- PROVIDED INFORMATION:
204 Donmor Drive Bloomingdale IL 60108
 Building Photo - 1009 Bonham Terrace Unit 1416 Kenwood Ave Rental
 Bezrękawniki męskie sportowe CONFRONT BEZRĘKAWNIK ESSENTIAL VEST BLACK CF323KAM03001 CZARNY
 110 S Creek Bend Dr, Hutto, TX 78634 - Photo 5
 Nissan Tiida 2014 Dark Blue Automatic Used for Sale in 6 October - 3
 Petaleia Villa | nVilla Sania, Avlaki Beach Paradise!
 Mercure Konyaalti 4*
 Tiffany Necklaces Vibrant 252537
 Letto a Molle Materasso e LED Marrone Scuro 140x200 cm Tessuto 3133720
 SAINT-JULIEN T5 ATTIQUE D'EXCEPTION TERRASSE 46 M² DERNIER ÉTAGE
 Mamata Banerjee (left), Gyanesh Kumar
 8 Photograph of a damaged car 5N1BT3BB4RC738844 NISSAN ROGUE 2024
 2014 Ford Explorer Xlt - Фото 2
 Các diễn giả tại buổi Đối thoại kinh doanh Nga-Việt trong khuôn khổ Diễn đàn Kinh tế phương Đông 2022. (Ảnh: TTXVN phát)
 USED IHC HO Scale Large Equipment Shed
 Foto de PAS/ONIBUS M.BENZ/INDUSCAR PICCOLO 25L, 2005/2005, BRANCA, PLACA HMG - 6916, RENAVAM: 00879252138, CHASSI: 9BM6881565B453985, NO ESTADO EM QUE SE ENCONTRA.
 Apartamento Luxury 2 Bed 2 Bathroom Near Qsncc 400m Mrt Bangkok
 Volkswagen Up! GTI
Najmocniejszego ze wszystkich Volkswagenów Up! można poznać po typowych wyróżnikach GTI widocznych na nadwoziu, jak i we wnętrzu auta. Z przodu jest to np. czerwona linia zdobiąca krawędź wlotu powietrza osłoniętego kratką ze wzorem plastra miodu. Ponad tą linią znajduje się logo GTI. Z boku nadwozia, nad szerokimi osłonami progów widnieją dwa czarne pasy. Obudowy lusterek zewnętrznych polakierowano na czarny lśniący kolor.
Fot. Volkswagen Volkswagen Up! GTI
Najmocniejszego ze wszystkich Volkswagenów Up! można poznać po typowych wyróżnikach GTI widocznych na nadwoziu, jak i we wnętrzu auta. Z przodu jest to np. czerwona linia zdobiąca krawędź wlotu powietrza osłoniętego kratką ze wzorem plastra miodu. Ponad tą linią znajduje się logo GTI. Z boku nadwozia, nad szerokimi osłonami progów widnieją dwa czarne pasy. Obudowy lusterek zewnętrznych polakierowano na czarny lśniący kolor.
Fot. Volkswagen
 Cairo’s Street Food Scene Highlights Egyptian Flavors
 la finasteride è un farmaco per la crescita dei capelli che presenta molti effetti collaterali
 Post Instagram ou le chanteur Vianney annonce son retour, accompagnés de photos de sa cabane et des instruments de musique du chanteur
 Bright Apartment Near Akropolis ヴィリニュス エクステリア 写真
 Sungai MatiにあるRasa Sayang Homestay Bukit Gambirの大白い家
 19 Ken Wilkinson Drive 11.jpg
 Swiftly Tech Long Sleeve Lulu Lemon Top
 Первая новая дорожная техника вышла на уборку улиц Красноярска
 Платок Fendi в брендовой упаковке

- TASK BRIEF:
Write out the entries verbatim, all of them.

- REPLY:
204 Donmor Drive Bloomingdale IL 60108
 Building Photo - 1009 Bonham Terrace Unit 1416 Kenwood Ave Rental
 Bezrękawniki męskie sportowe CONFRONT BEZRĘKAWNIK ESSENTIAL VEST BLACK CF323KAM03001 CZARNY
 110 S Creek Bend Dr, Hutto, TX 78634 - Photo 5
 Nissan Tiida 2014 Dark Blue Automatic Used for Sale in 6 October - 3
 Petaleia Villa | nVilla Sania, Avlaki Beach Paradise!
 Mercure Konyaalti 4*
 Tiffany Necklaces Vibrant 252537
 Letto a Molle Materasso e LED Marrone Scuro 140x200 cm Tessuto 3133720
 SAINT-JULIEN T5 ATTIQUE D'EXCEPTION TERRASSE 46 M² DERNIER ÉTAGE
 Mamata Banerjee (left), Gyanesh Kumar
 8 Photograph of a damaged car 5N1BT3BB4RC738844 NISSAN ROGUE 2024
 2014 Ford Explorer Xlt - Фото 2
 Các diễn giả tại buổi Đối thoại kinh doanh Nga-Việt trong khuôn khổ Diễn đàn Kinh tế phương Đông 2022. (Ảnh: TTXVN phát)
 USED IHC HO Scale Large Equipment Shed
 Foto de PAS/ONIBUS M.BENZ/INDUSCAR PICCOLO 25L, 2005/2005, BRANCA, PLACA HMG - 6916, RENAVAM: 00879252138, CHASSI: 9BM6881565B453985, NO ESTADO EM QUE SE ENCONTRA.
 Apartamento Luxury 2 Bed 2 Bathroom Near Qsncc 400m Mrt Bangkok
 Volkswagen Up! GTI
Najmocniejszego ze wszystkich Volkswagenów Up! można poznać po typowych wyróżnikach GTI widocznych na nadwoziu, jak i we wnętrzu auta. Z przodu jest to np. czerwona linia zdobiąca krawędź wlotu powietrza osłoniętego kratką ze wzorem plastra miodu. Ponad tą linią znajduje się logo GTI. Z boku nadwozia, nad szerokimi osłonami progów widnieją dwa czarne pasy. Obudowy lusterek zewnętrznych polakierowano na czarny lśniący kolor.
Fot. Volkswagen Volkswagen Up! GTI
Najmocniejszego ze wszystkich Volkswagenów Up! można poznać po typowych wyróżnikach GTI widocznych na nadwoziu, jak i we wnętrzu auta. Z przodu jest to np. czerwona linia zdobiąca krawędź wlotu powietrza osłoniętego kratką ze wzorem plastra miodu. Ponad tą linią znajduje się logo GTI. Z boku nadwozia, nad szerokimi osłonami progów widnieją dwa czarne pasy. Obudowy lusterek zewnętrznych polakierowano na czarny lśniący kolor.
Fot. Volkswagen
 Cairo’s Street Food Scene Highlights Egyptian Flavors
 la finasteride è un farmaco per la crescita dei capelli che presenta molti effetti collaterali
 Post Instagram ou le chanteur Vianney annonce son retour, accompagnés de photos de sa cabane et des instruments de musique du chanteur
 Bright Apartment Near Akropolis ヴィリニュス エクステリア 写真
 Sungai MatiにあるRasa Sayang Homestay Bukit Gambirの大白い家
 19 Ken Wilkinson Drive 11.jpg
 Swiftly Tech Long Sleeve Lulu Lemon Top
 Первая новая дорожная техника вышла на уборку улиц Красноярска
 Платок Fendi в брендовой упаковке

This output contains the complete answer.